Abstract

Introduction:

About ¼ of the world's population is infected with M. tuberculosis. The gold standard for diagnosis is cultural exam.

Nucleic Acid Amplification Tests (NAAT) are recommended in the initial diagnosis, allowing the early detection of tuberculosis (TB).

Its isolated positivity remains unclear, particularly in patients who do not report previous MTB infection.

Aim:

To evaluate clinical, imaging and sociodemographic characteristics of individuals with positive NAAT, but negative AFB and cultural exams.

Methods:

Retrospective analysis of bronchoscopies performed between 04/01/2007 and 12/31/2021. Inclusion criteria: positivity in any of the diagnostic methods.
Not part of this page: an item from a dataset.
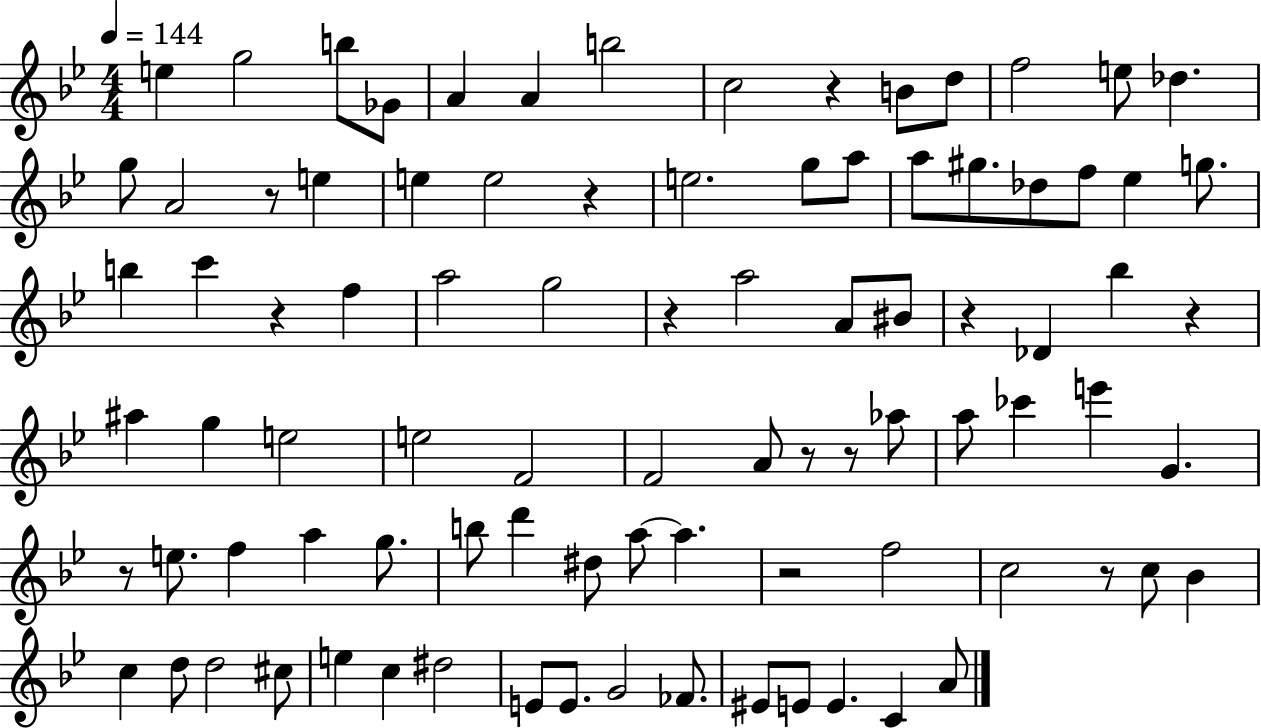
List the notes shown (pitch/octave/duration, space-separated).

E5/q G5/h B5/e Gb4/e A4/q A4/q B5/h C5/h R/q B4/e D5/e F5/h E5/e Db5/q. G5/e A4/h R/e E5/q E5/q E5/h R/q E5/h. G5/e A5/e A5/e G#5/e. Db5/e F5/e Eb5/q G5/e. B5/q C6/q R/q F5/q A5/h G5/h R/q A5/h A4/e BIS4/e R/q Db4/q Bb5/q R/q A#5/q G5/q E5/h E5/h F4/h F4/h A4/e R/e R/e Ab5/e A5/e CES6/q E6/q G4/q. R/e E5/e. F5/q A5/q G5/e. B5/e D6/q D#5/e A5/e A5/q. R/h F5/h C5/h R/e C5/e Bb4/q C5/q D5/e D5/h C#5/e E5/q C5/q D#5/h E4/e E4/e. G4/h FES4/e. EIS4/e E4/e E4/q. C4/q A4/e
2 groups were created (I: positive NAAT only; II: positivity in ?1 of the other diagnostic methods).

Results:

Results of 3019 bronchoscopies.

Group I (n=16):

Predominance of males (n=9; 56.3%). Average age: 70.06 years. Previous respiratory pathology: 5 (31.3%). Constitutional symptoms: 6 (37.5%). Suspected infection: 3 (18.8%). Cavitation: 2 (12.5%). History of smoking: 3 (18.8%). Under antibacillary drugs: 1 (6.25%). Previous diagnosis of TB: 6 (37.5%). 3 (18.8%) developed the disease. Statistically significant relationship (p=0.036) between previous infection and development of TB. Mean time between positive NAAT and development of TB: 4.4 years.

Group II: n=69.

Statistically significant differences between groups: age (p=0.006), previous MTB infection (p=0.034) and cavitation (p=0.032).

Conclusions: 

Patients from group I had higher age and history of MTB infection and developed the disease, on average, 4.4 years after NAAT result.

More robust studies are needed to establish which factors influence NAAT positivity, especially in the absence of previous TB.